Blog#4 my response to Dobson's reading

Normal 0 0 2 false false false EN-US JA X-NONE

A reading that I would like to discuss is "The 'grotesque body' in young women's self presentation on MySpace" by Dobson. Firstly I will summarize her idea and talk about my feeling and opinion about the article. 

Referring to Mulvey’s idea, Dobson says that female bodies in mass media are “positioned as ‘to-be-looked-at’” and “viewed from a ‘masculinised subject position/ gaze’” (11). Images of female bodies are constructed around fetishistic and voyeuristic “scopophilia”: fetishistic scopophilia depends on “idealizing, fetishising and thus distancing the body of the women, in a narrative of pure visual spectacles” and voyeuristic scopophilia depends on “demystif[ing] the body of the woman by voyeuristically following and watching her…leading to discovery, humiliation and punishment of the female by the male” (11,12). As Dobson shows, the examples of fetishistic scopophilia can be found in high-gloss fashion magazines such as Vogue . The images of female celebrities in the high-gloss magazines fit in “classical” or “traditional” femininity; they symbolize idealized female images, “of mystery, glamour and unavoidable distance from the viewer” (11,13). On the other hand, Dobson uses representations of female celebrities in gossip magazines to exemplify voyeuristic scopophilia. The images of the celebrities in gossip magazines reveal their private, real, “unfeminine” self, which are often seen as “grotesque” involving “flesh, bellies…mobility and sometimes moments of pleasure or exchange with other bodies”(14). The celebrities are demystified, degraded, and humiliated by their “’grotesque’ openness and depiction” of themselves (11). 

What Dobson takes note of in the article is that the woman’s “unfeminine”, “grotesque” representations of self, which are accompanied with degradation and humiliation of her image, is spontaneously produced by the young on MySpace. She thinks that the grotesque self-representation of the youth, such as the images that show them making “’silly’ or caricatured faces” or showing their tongues and making a masculine pose, might be considered to subvert “both gender stereotypes and the type of sadistic pleasure Mulvey associates with voyeuristic narratives and modes of viewing” (7).

 

While I was reading this article, I could not stop relating this article to the Japanese term, “hengao”, which means “an ugly face”. This term started to come into vogue when photo sticker booths got popularity among female teens in Japan.

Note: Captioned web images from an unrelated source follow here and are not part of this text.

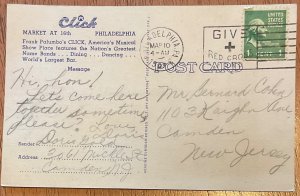 US Used Linen Post Card Philadelphia PA Click Cafe Theatre Bar Market at 16th AB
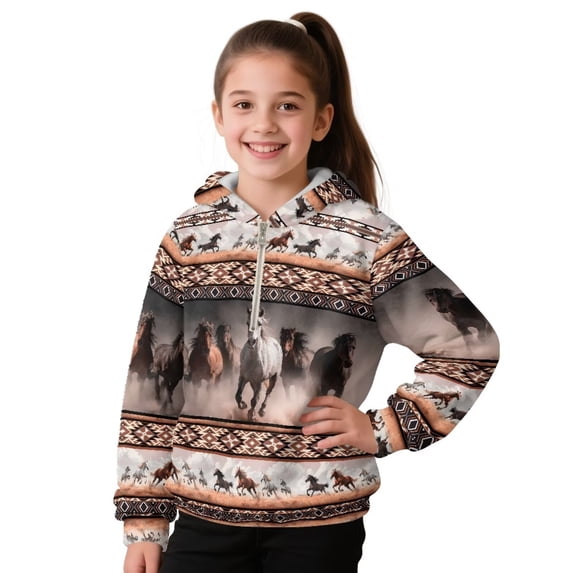 Pzuqiu Horse Hooded Sweatshirts for Girls Size 10-11 Comfortable Lightness Children's Long Sleeve Sweatshirt Practical Fall Outfits Fashion Clothing Versatile for Everyday Wear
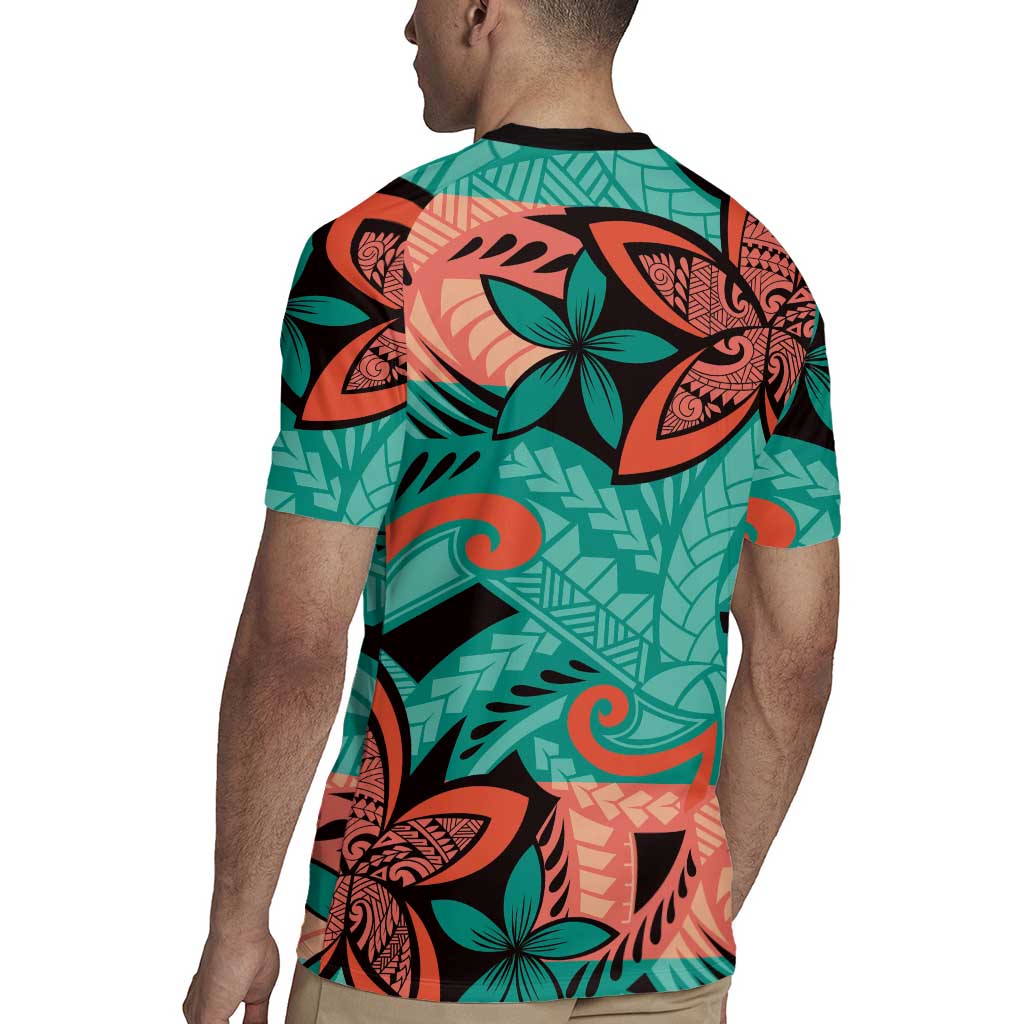 Plumeria Polynesian Pattern Rugby Jersey Unique Fantasy Teal Orange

It is still a popular activity for Japanese school girls to drop in at photo sticker booths after school and take a photo sticker together with friends. At school the girls exchange their stickers with those of other friends and collect the stickers in their own notebooks. So in their notebook, they see photos stickers of their friends and their friends’ friends (I feel it is similar to Facebook in the way that you can see your friends’ photos and also some of your friends' friends pictures). The term, “hengao”, was firstly used to refer to an ugly, silly face purposely made by Japanese girls when they take a photo sticker, and now it is used to refer to a silly face in any types of media including photos and videos. I also used to like to collect silly-face photo stickers of the people at my network (including my friends and friends of my friends). .

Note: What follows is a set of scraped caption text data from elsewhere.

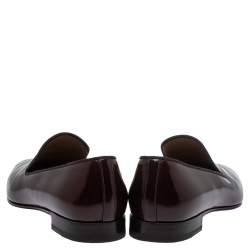 Pre Owned Christian Louboutin Burgundy Leather Dandelion Smoking Slippers Size 41.5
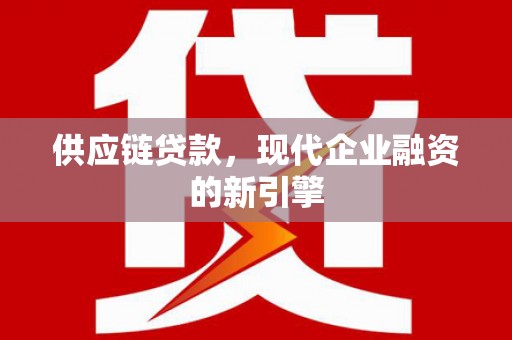 金湾供应链贷款，现代企业融资的新引擎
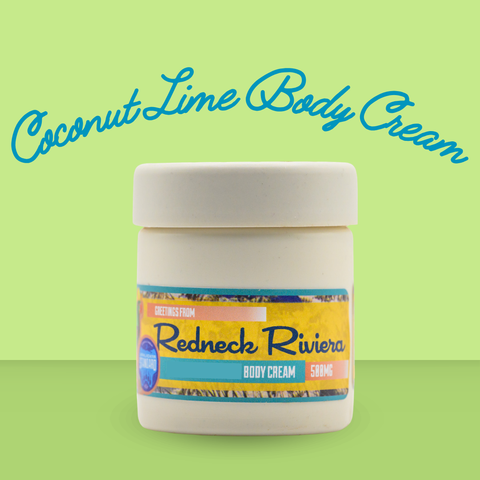 Appalachian Standard's Coconut Lime Body Cream in a white jar with yellow label and green background.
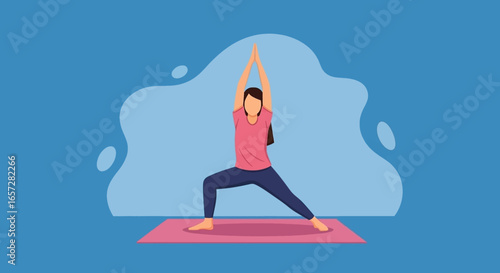 A woman practicing yoga on a mat, demonstrating flexibility and balance. Ideal for health, wellness, and fitness concepts.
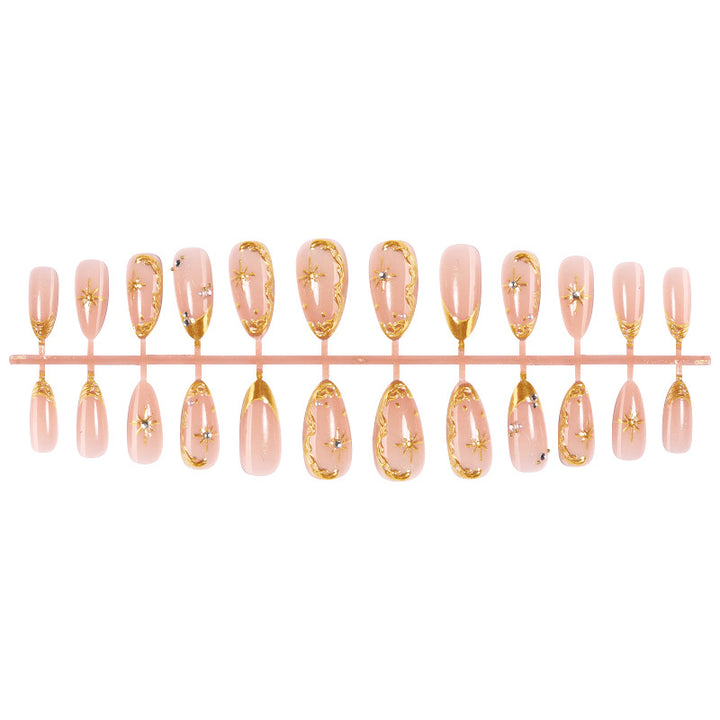 Decorative Press-On Nail Art Set with Gold Accents Bowlift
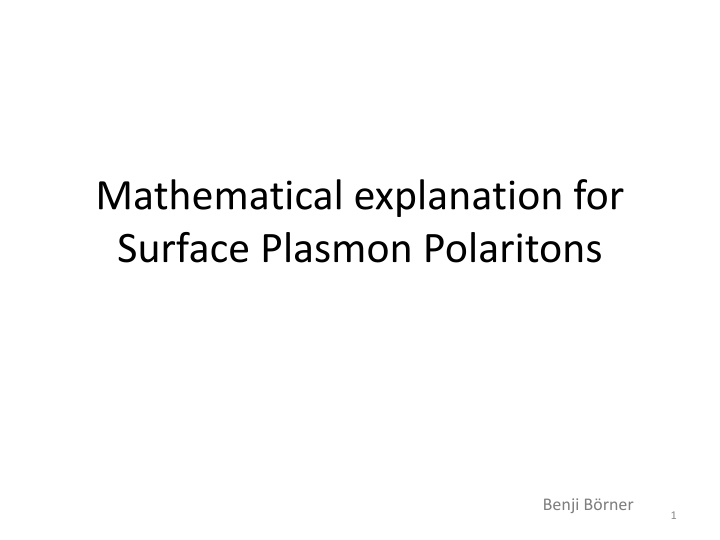 mathematical explanation for surface plasmon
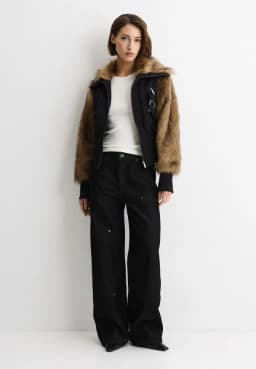 Women Brown Faux Fur Sleeve & Collar Cropped Bomber Jacket, Full Zip Cinched Waist Utility Pockets, Winter Warm Street Casual Ou
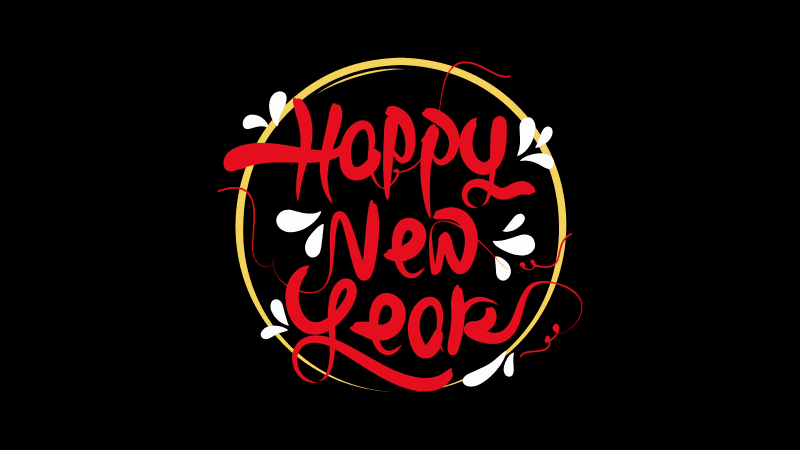 Happy New Year Calligraphy Wallpaper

On SNSs I use, I find some of my Japanese friends using sticker photos with their “hengao” as their profile pictures and also many other female friends having profile pictures that show their “grotesque” self-representations, which are far from what we usually associate femininity with. I think those unfeminine self-representations on SNS have a potential to suggest a new female image to the traditional femininity or can at least disrupt it as Debson says: however, I don’t know if they will result in subverting gender stereotype applied to women. It seems to me that a lot of women are able to produce “grotesque” representations of themselves publicly only when they are on the media of SNS. Those who present their “’laddish’ or ‘blokeish’ behaviors ” in their SNS pictures do so because they unconsciously think that their audiences are their friends or friends’ friends - the people in their networks – not the entire public (even though their pictures are available to an unspecified large number of people on the SNS). Their grotesque bodies shown in their profile pictures seem to be directed to the people they know in a similar way that Japanese high school girls do not take “hengao” sticker photos to distribute them to everyone. It is true that some of female SNS users might create  unfeminine self-representations for feministic purposees (to protest against the stereotypical femininity). But it might be hard to say a number of “grotesque"self-representations made by various female SNS users can subvert traditional feminity because those female users might try to conform to the socially-expected femininity if they were on other media platforms that make them more aware of the public gaze.